Kasus Mbah Lukitah, DPRD Jepara Wacanakan Gulirkan Hak Angket

Peristiwa  KAMIS, 19 MARET 2020 , 16:06:00 WIB | LAPORAN: MUHAMMAD OLIEZ

Kasus Mbah Lukitah, DPRD Jepara Wacanakan Gulirkan Hak Angket
RMOLJateng. Kalangan DPRD Jepara gerah seiring kasus meninggalnya Mbah Lukitah karena diduga terlambat mendapat layanan kesehatan dari RSUD Kartini.

Wakil rakyat ini mewacanakan akan menggulirkan hak angket agar kasus tersebut lebih terang benderang dan berbuah perbaikan layanan kesehatan di rumah sakit pelat merah ini.

Seperti diberitakan RMOLJateng, Mbah Lukitah warga RT 1 RW 1 Desa Mambak Kecamatan Pakisaji Jepara meninggal di tempat parkir RSUD Kartini.

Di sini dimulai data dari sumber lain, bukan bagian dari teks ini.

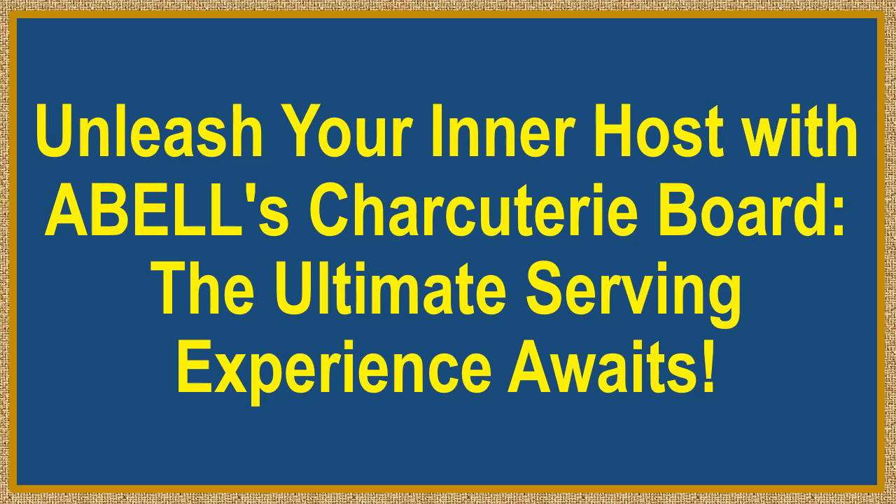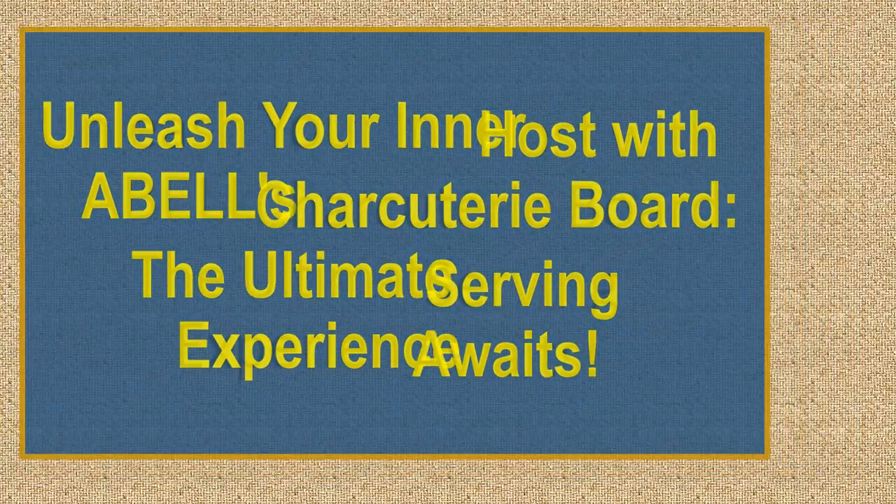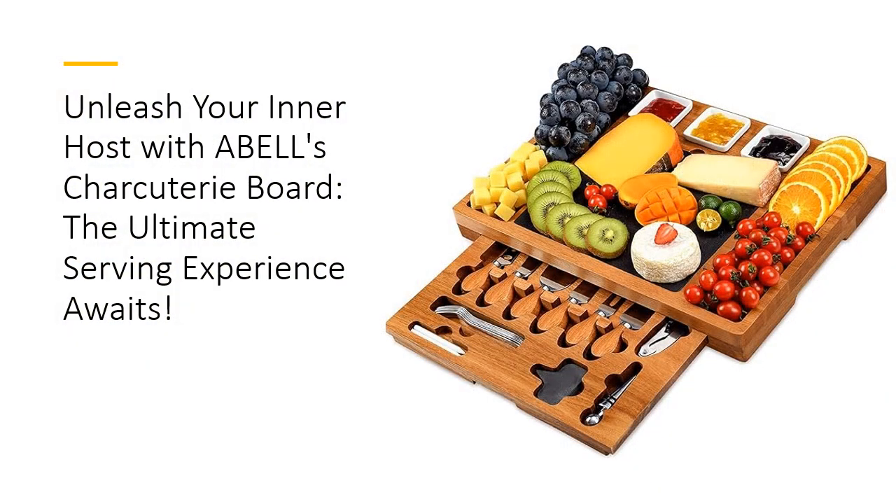Unleash your inner host with Able Charcuterie Board — the ultimate serving experience awaits. Elevate your entertaining game with the Able Charcuterie Cheese Board and Knife Set. Crafted from 100% natural acacia wood, this stunning serving platter is as beautiful as it is durable. Unlike ordinary boards, the unique texture and rich hues of acacia ensure that no two pieces are alike, making your charcuterie display a true conversation starter. Say goodbye to boring gatherings and hello to Instagram-worthy spreads that impress every time.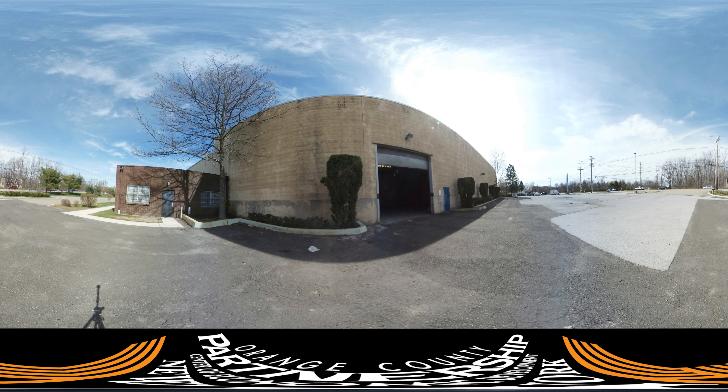Thank you for touring 453 Route 17K in the town of Montgomery. Call the Orange County Partnership for an in-person tour and to learn more.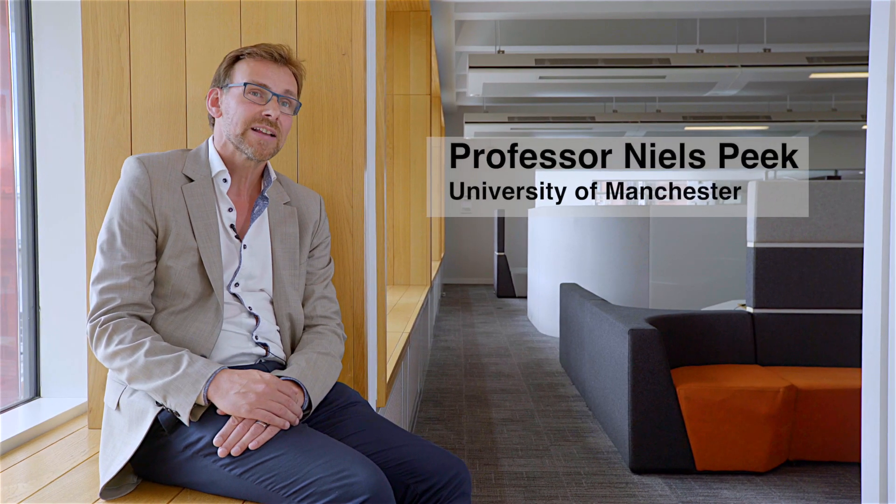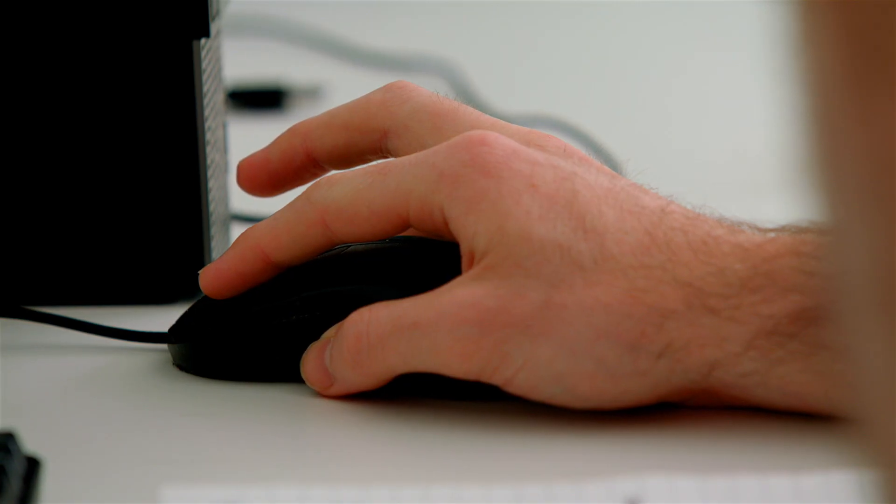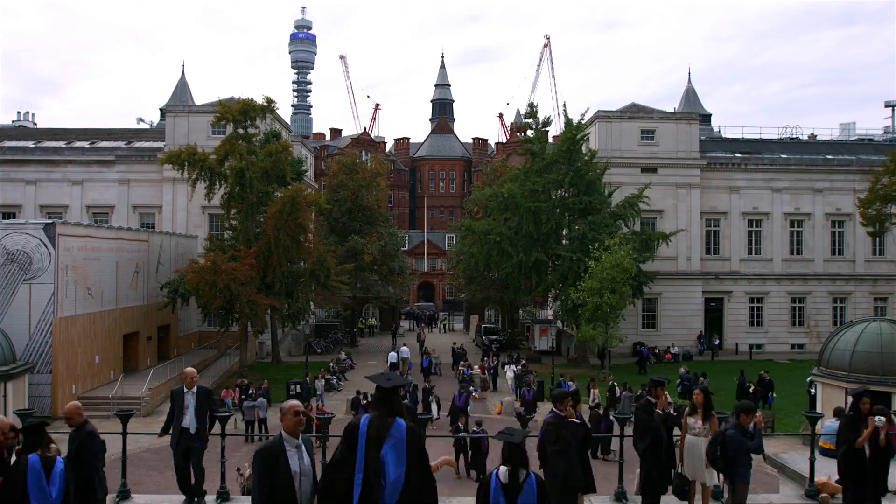We also work with companies that are active in digital health, and that provides opportunities for our students to do projects at those NHS organisations — for instance general practices and hospitals — and also to work with these companies in digital health.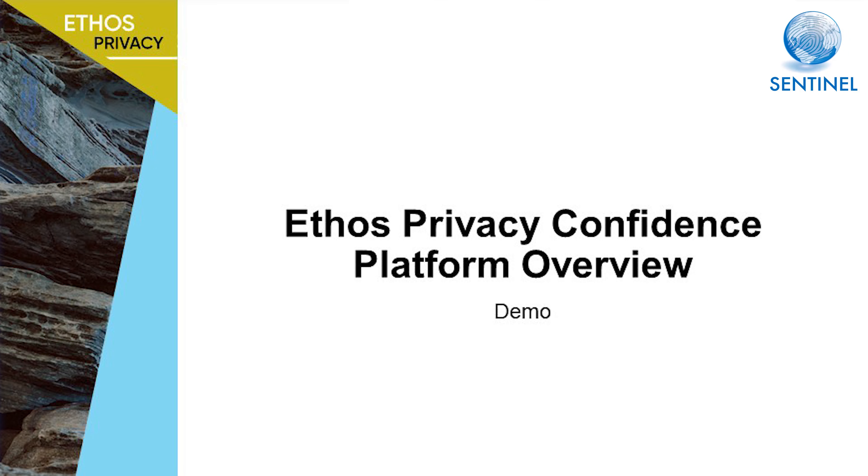Hi, I'm Aaron Weller, co-founder of Sentinel. Thanks for your interest in Ethos, our privacy confidence platform. Ethos helps you better understand your privacy obligations and to build a strategy so your organization can do privacy better.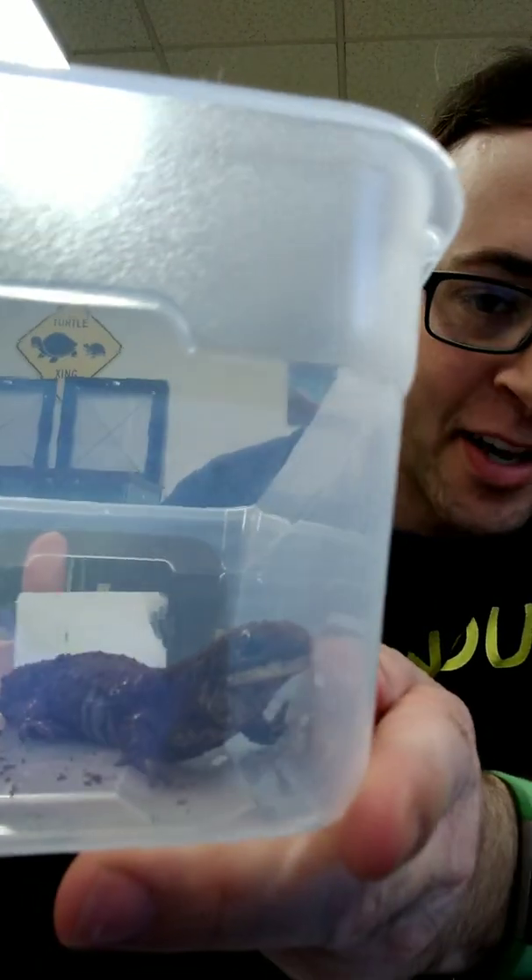Hey everyone, Danny in the Animal Room, and this week I want to tell you a little bit about Sappho, the tiger salamander.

Pihak rumah sakit berdalih tidak bisa langsung melakukan tindakan medis karena saat kejadian kondisi UGD sudah kelebihan pasien yang juga sama daruratnya.

Mbah Lukitah juga tidak membawa surat rujukan dari faskes tingkat pertama sehingga pihak rumah sakit juga tidak bisa mendeteksi seberapa gawat kondisi lansia tersebut.

Meskipun pernyataan pihak rumah sakit ini disanggah oleh perangkat Desa Mambak, Kecamatan Pakisaji, Abdul Rosyid yang mendampingi Mbah Lukitah dan keluarganya sejak periksa di Puskesmas Pakisaji hingga dirujuk ke RSUD Kartini.

Abdul Rosyid menduga kronologi berbeda yang dibuat pihak RSUD Kartini hanya untuk menutupi semrawutnya layanan kesehatan di rumah sakit pelat merah tersebut. Sebab kondisi yang dialaminya secara langsung memang menunjukkan indikasi tersebut.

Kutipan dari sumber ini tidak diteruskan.